= Lilya Zilberstein =

Russian-born German pianist

Lilya Efimovna Zilberstein (Лилия Ефимовна Зильберштейн; born 19 April 1965) is a Russian-born German pianist.

==Biography==
Born in Moscow and educated at the Gnessin State Musical College (1971–88), she rose to prominence after winning the 1987 Concorso Busoni. This success opened up the Italian halls to her, and as soon as she graduated she embarked on a tour, debuting in the Maggio Musicale Fiorentino. She finished with her German debut in Munich and she was immediately contracted by Deutsche Grammophon. She settled in Hamburg two years later, where she still lives with her husband and her two sons, Daniel and Anton.

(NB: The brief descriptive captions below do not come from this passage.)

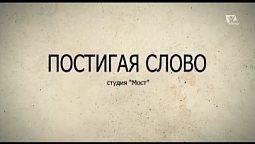 Троица | Постигая Слово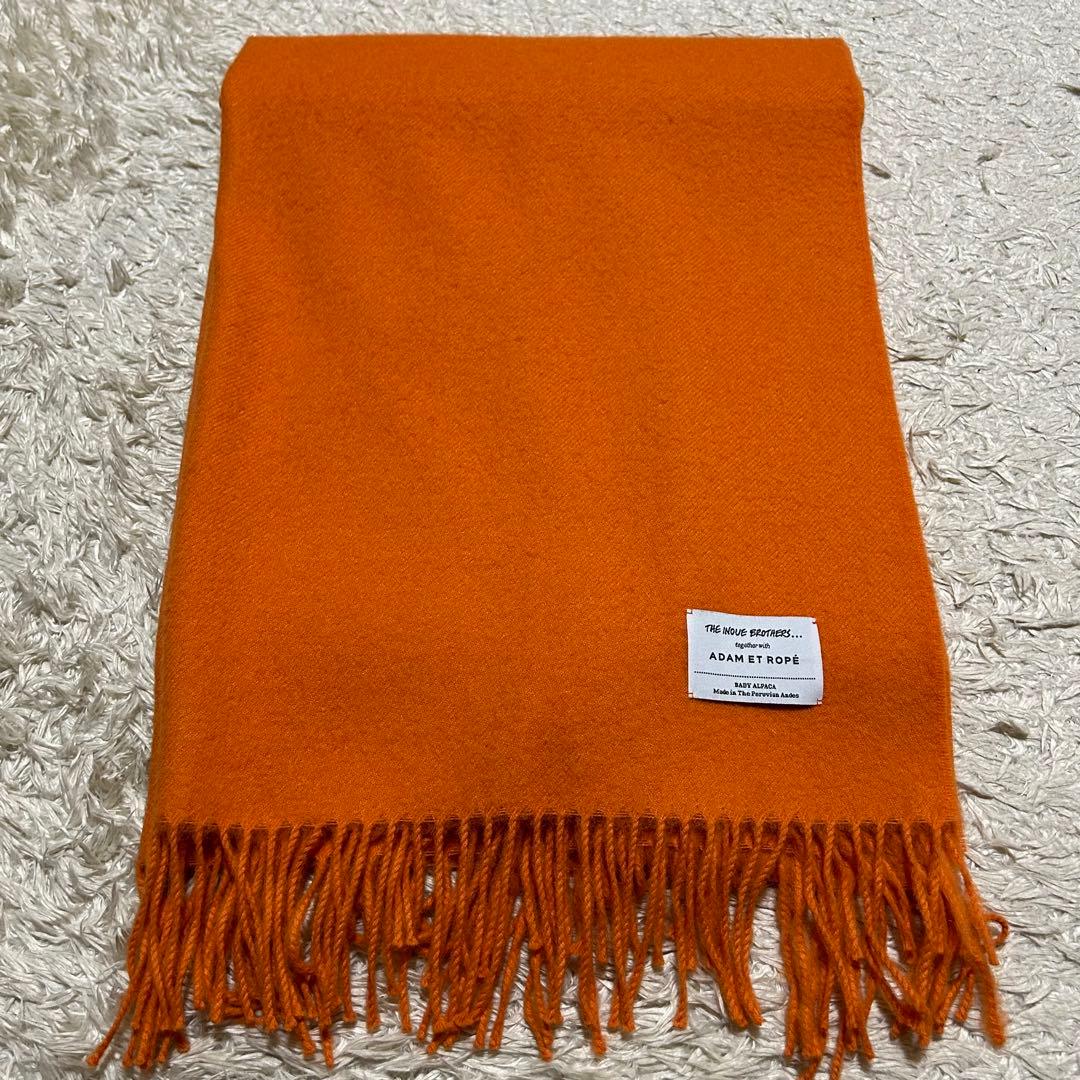 アダムエロペ ブラッシュドスカーフ オレンジ ベビーアルパカ 大判ストール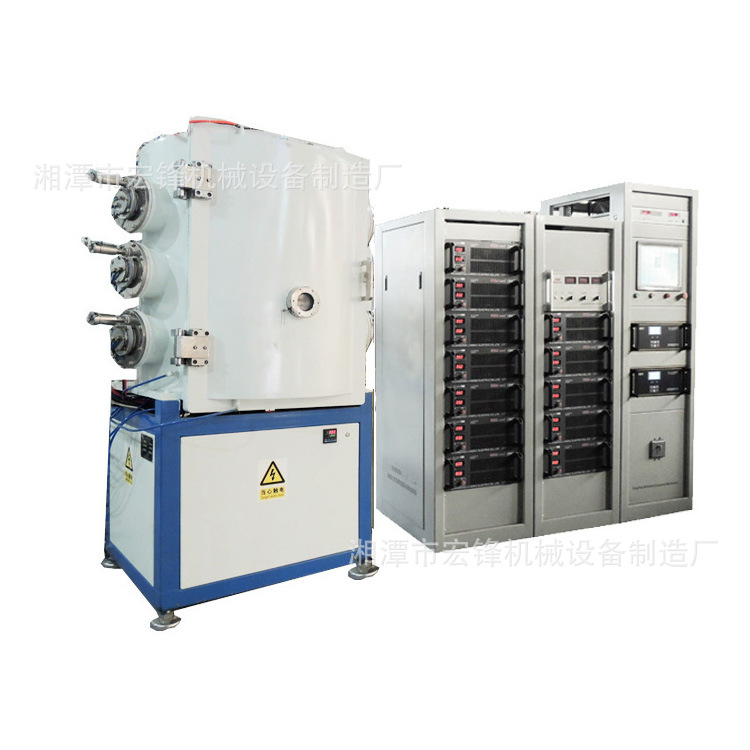【湘潭宏锋机械非标制作设备】PVD真空齿轮刀具硬质涂层设备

She has since had a successful concert career. She has been teaching at the Accademia Musicale Chigiana in Siena since 2011.

==Selected discography==
- Johannes Brahms - Variations on a theme by Paganini, op.35; Intermezzi op.117; 6 Pieces, op.118. 1990, Deutsche Grammophon.
- Brahms - 3rd Violin Sonata, op.108, along with Maxim Vengerov. EMI
- Brahms - Sonata for two pianos, op.34b, along with Martha Argerich. 2002, EMI.
- Brahms - 1st Piano Concerto, op.15; Tragic Overture [4 hands Brahms' arrangement], along with Cord Garben. Hänssler Classic
- Frédéric Chopin - 1st Piano Sonata, op.4; Mazurkas B. 4, 16, 73, 82, 85, 134, 140; Rondos op.1, 5., Waltzes in E flat major (op. posth KK 1237), and in A minor (op. posth, KK 1238–9), Deutsche Grammophon.
- Edvard Grieg - Piano Concerto, op.16. Gothenburg Symphony Orchestra - Neeme Järvi. Deutsche Grammophon.
- Modest Mussorgsky - Pictures at an exhibition; Nikolai Medtner - 8 Forgotten Melodies, op.38 (selection); Sergei Taneyev - Prelude and Fugue, op.29
- Sergei Rachmaninoff - 2nd Piano Concerto, op.18; 3rd Piano Concerto, op.30. Berliner Philharmoniker - Claudio Abbado. Deutsche Grammophon.
- Rachmaninoff - Cello Sonata, op.19, along with Gautier Capuçon. 2002, EMI.
- Rachmaninoff - Preludes, op.32 - Deutsche Grammophon
- Franz Schubert - Sonata D.850; Franz Liszt - Aprés une lecture du Dante; Schubert/Liszt - Gretchen am Spinnrade. 1990, Deutsche Grammophon.
- Dmitri Shostakovich - 1st Piano Sonata op.12 - Deutsche Grammophon.
- Shostakovich - Concertino for two piano op.94 - along with Martha Argerich. 2006, EMI
- Ludwig van Beethoven - Sonata No. 2 in A Major, Op. 2. Live, 2007, K&K Verlagsanstalt.
- Beethoven - Sonata No. 23 in F Minor, Op. 57 "Appassionata". Live, 2007, K&K Verlagsanstalt.
- Brahms - Eight Pieces for Piano Opus 76. Live, 2008, K&K Verlagsanstalt.
- Brahms - Eleven variations on an original theme in D major Opus 21, No. 1. Live, 2008, K&K Verlagsanstalt.
- Brahms - Fourteen variations on a Hungarian melody in D major Opus 21, No. 2. Live, 2008, K&K Verlagsanstalt.
- Balakirev - Piano Concerto no. 2 in E flat, op. posthumous - live performance on YouTube.